これ以降のセクションは、先ほども書いた通り、非常に話が長くなりますがお付き合いください。

そもそも贈与税となるのか

このお年玉企画が話題になった時に、当選した場合は抽選で賞金としてもらうため「贈与」ではなく「一時所得」になる可能性がある(弁護士・公認会計士 黒川康正氏)、法人から贈与を受けた個人の側は贈与税ではなく、一時所得として所得税の対象になるが、今回は前澤社長個人が100万円をプレゼントするので、個人からの贈与になり、個人間の贈与の場合には、贈与税が適用される(公認会計士・税理士 深堀宗敏氏)など解釈が分かれていました。

実際に応募が締め切られた後の動きを見ていると、純粋な抽選というよりは、ある程度恣意的に当選者をピックアップしているように見受けられましたし、「賞金」という扱いでもなさそうでしたので、この記事では前澤氏の100万円のお年玉は贈与税の対象となると仮定して書いています。

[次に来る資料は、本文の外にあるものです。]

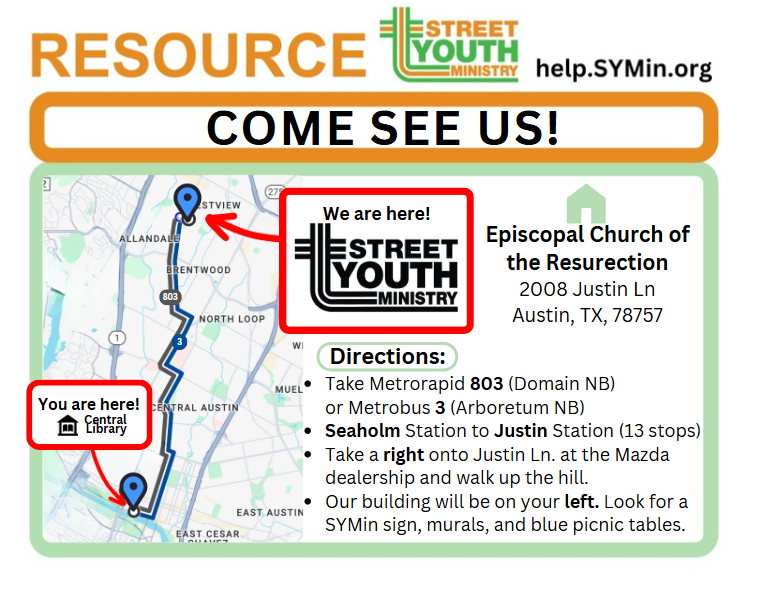 SYMin: Come See Us! (WRC 27)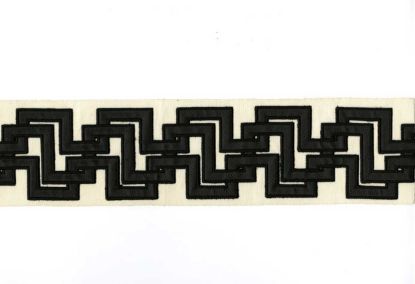 Picture of PERTH EMB. TAPE-BLACK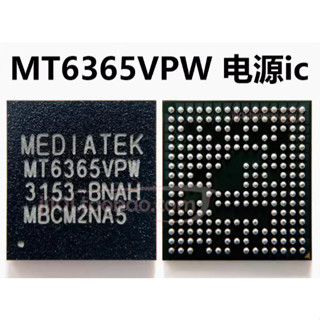MT6365VPW 6365 ic nguồn trên bo mạch điện thoại - Mới nguyên bản - Original NEW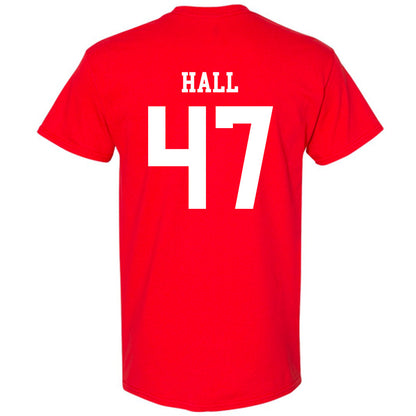 SEMO - NCAA Football : Lamari Hall - Classic Fashion Shersey T-Shirt-1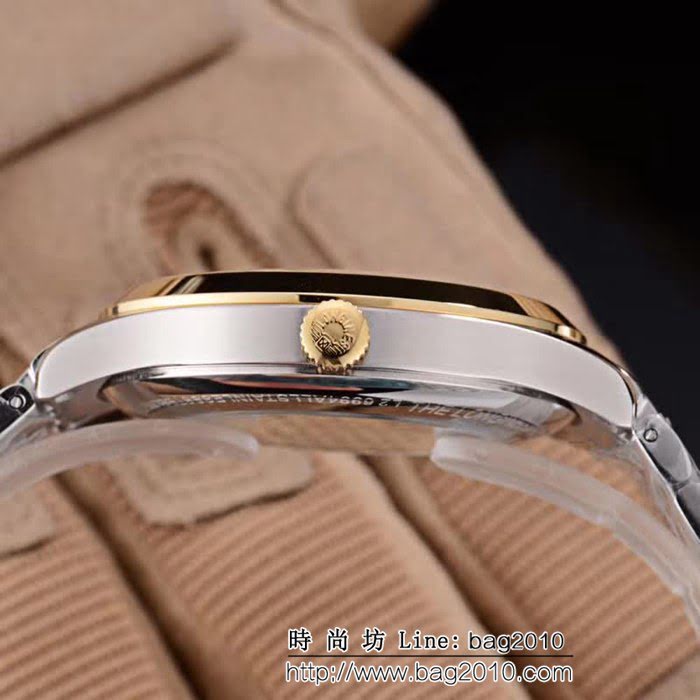 LONGINES浪琴 經典大三針 全自動機械 精品男士腕表 WSS0335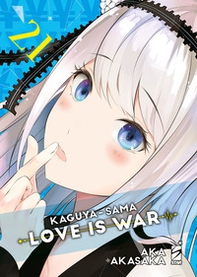 Kaguya-sama. Love is war - Vol. 21 - Librerie.coop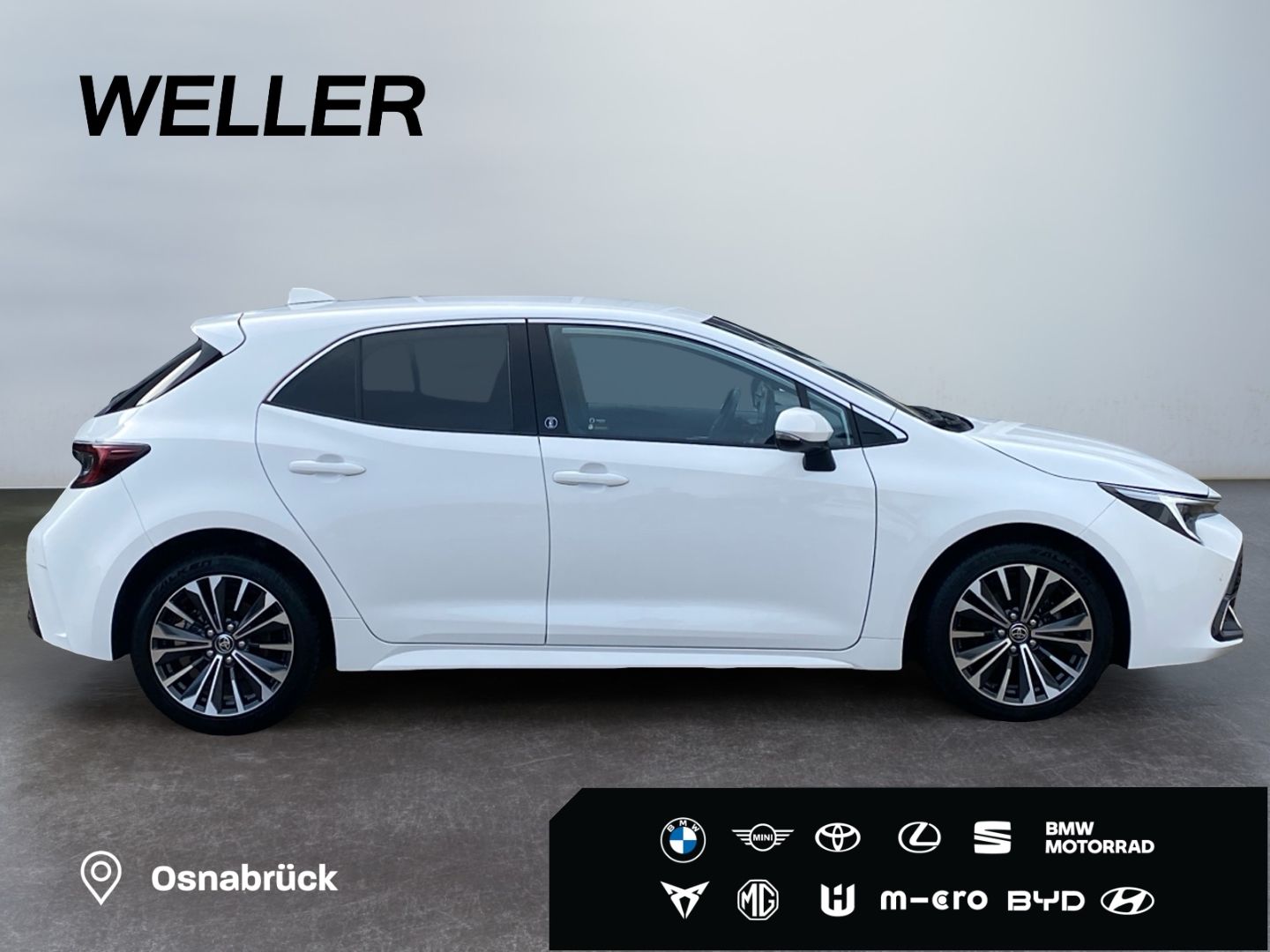 Toyota Corolla 1.8 Hybrid Team D *LED*ACC*CAM*SHZ*PDC*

ただし、本当に100万円が当選された方は、贈与税の対象となるのか・一時所得となるのかはこの記事だけで判断されるのではなく、税理士などにご相談いただくことをお勧めします。

その他の前提条件

前澤氏の100万円のお年玉、それ以外の贈与に共通する前提条件として、各種の特例を適用しない暦年課税の贈与と仮定しています。

相続時精算課税制度
この記事では、相続時精算課税制度は選択しないこととしています。
夫婦の間で居住用の不動産を贈与したときの配偶者控除
婚姻期間が20年以上の夫婦間で、居住用不動産や居住用不動産を取得するための金銭の贈与が行われた場合は、基礎控除の110万円とは別に2,000万円の配偶者控除がありますが、その場合も今回の試算には算入しないこととします。
直系尊属から住宅取得等資金や教育資金や結婚・子育て資金の贈与を受けた場合の非課税
直系尊属(父・母・祖父・祖母など)から住宅取得等資金の贈与を受けた場合に、一定の要件を満たす際はそれぞれの非課税限度額までの金額について、贈与税が非課税となりますが、その場合も今回の試算には算入しないこととします。
直系尊属からの贈与では、教育資金の一括贈与結婚・子育て資金の一括贈与なども非課税の特例がありますが、そちらも同様に算入しません。
特定障害者に対する贈与税の非課税
特別障害者を含む特定障害者に対する財産の信託については、6,000万円または3,000万円まで贈与税が非課税となりますが、今回の試算には算入しないこととします。
非課税財産
この記事では、非課税財産は考慮しない(試算の際に算入しない)こととしています。相続税法基本通達 21の3-9では、社交上の必要によるもので贈与者と受贈者との関係等に照らして社会通念上相当と認められるものについては、贈与税を課税しないとありますので、「それ以外の贈与」に香典や見舞金、前澤氏の100万円以外の通常のお年玉などは含めないようにしてください。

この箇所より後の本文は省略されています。